# Lunch



## Earl of Ormonde (Sep 5, 2008)

Monday - Wholemeal fusili with a tomato and basil sauce, topped with fresh sliced mozzarella & grated Parmesan. Bread roll, glass of water.

The mozzarella didn't really work that well with hot pasta and a hot sauce, but hey it's all about experimenting.


----------



## WouldaShoulda (Aug 5, 2009)

On the way to the boat on weekends we stop by a sandwich shop that specializes in avacado creations.

I had the egg salad/avacado w/lettuce and tomato. Plain chips and a cola. (Or iced tea)

GOSH!! That's good on a hot day!!


----------



## Centaur (Feb 2, 2010)

Perhaps you should have given the mozzarella more time to melt in? I love fresh mozzarella with tomato and basil. I really don't like wholemeal pasta, though, the flavour seems quite wrong.


----------



## Earl of Ormonde (Sep 5, 2008)

No, I wanted it fresh. It didn't want it melted at all.


----------



## Centaur (Feb 2, 2010)

It's very nice when it melts into the tomato - and it would still have been fresh, as opposed to the vile processed type.


----------



## JerseyJohn (Oct 26, 2007)

I'm not a big fan of the taste (or especially the texture) of whole-grain pasta, either. Have you tried the Barilla "Plus" pasta? It's kind of a compromise - partly regular semolina pasta, partly a blend of other flours (flaxseed, spelt, oats, barley, and "legumes" - I think that means chickpeas) and egg whites. It tastes a lot more like regular white pasta than their whole-grain.


----------



## Centaur (Feb 2, 2010)

I only buy De Cecco pasta - it's made from durum wheat, but I think all plain pasta is; however, it has some superior quality. I actually prefer it to fresh pasta.


----------



## JerseyJohn (Oct 26, 2007)

I like fresh pasta only in home-made ravioli (which is outstanding, but more work than it's worth vs. our local supplier) or else in oil-based sauces like pesto or "aglia-olio" - my wife's favorite with parm instead of the "aglia" - never in tomato sauce or other water or broth-based sauces like clam, where they absorb too much sauce on their surface and become gluey. (OK, English majors - parse _that _ridiculous sentence!).
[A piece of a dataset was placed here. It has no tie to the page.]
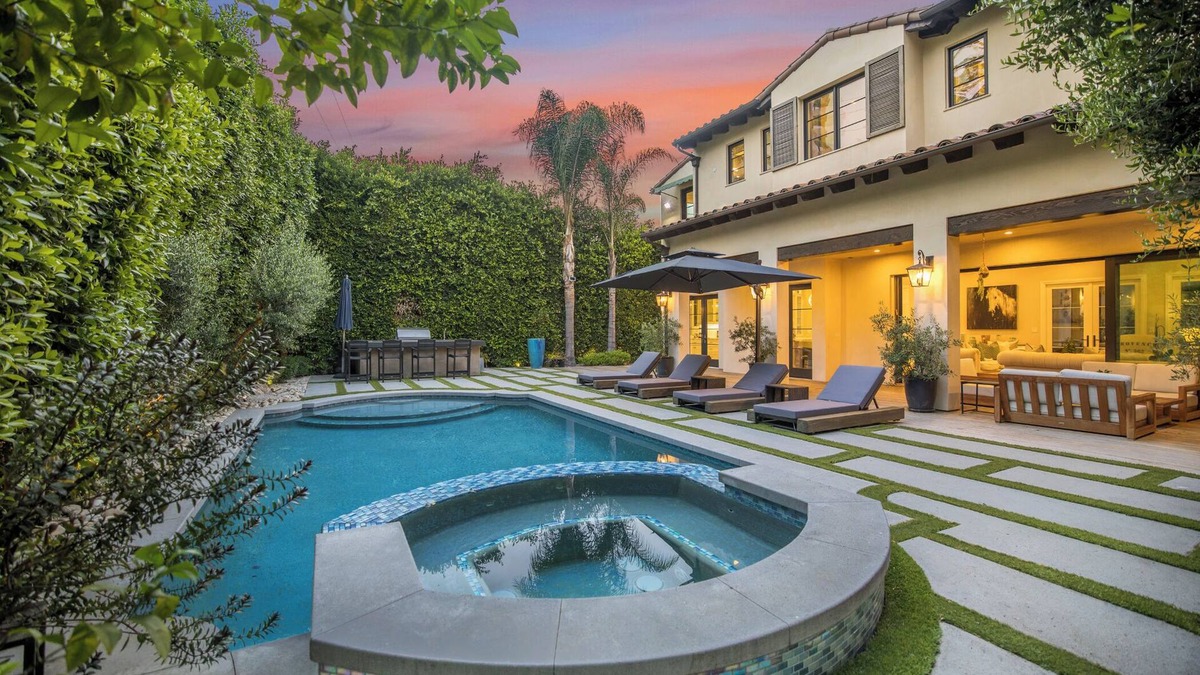 Beverly Hills House | Spalding BH Mansion: Spanish Charm Meets Modern Luxury w/Theater, Pool & Spa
I sometimes make my own pappardelle (very wide noodles) and dress them with garlic, oil, diced or shredded fresh mootz, wilted, halved grape tomatoes and fresh basil for a quick meal (with practice, a food processor, and a Kitchen-Aid pasta roller, you can make fresh pasta faster than you can boil dried). I have a supply of semolina (Buon Italia in Chelsea Market, NYC) and mix it 50-50 with white flour and an egg (Lidia's recipe).


----------



## MikeDT (Aug 22, 2009)

Monday: Boiled rice for lunch and dinner.
Tuesday: Boiled rice for lunch and dinner.
Wednesday: Boiled rice for lunch and dinner.
Thursday: Boiled rice for lunch and dinner.
Friday: Boiled rice for lunch and dinner.
Saturday: Boiled rice for lunch and dinner.
Sunday: Boiled rice for lunch and dinner. 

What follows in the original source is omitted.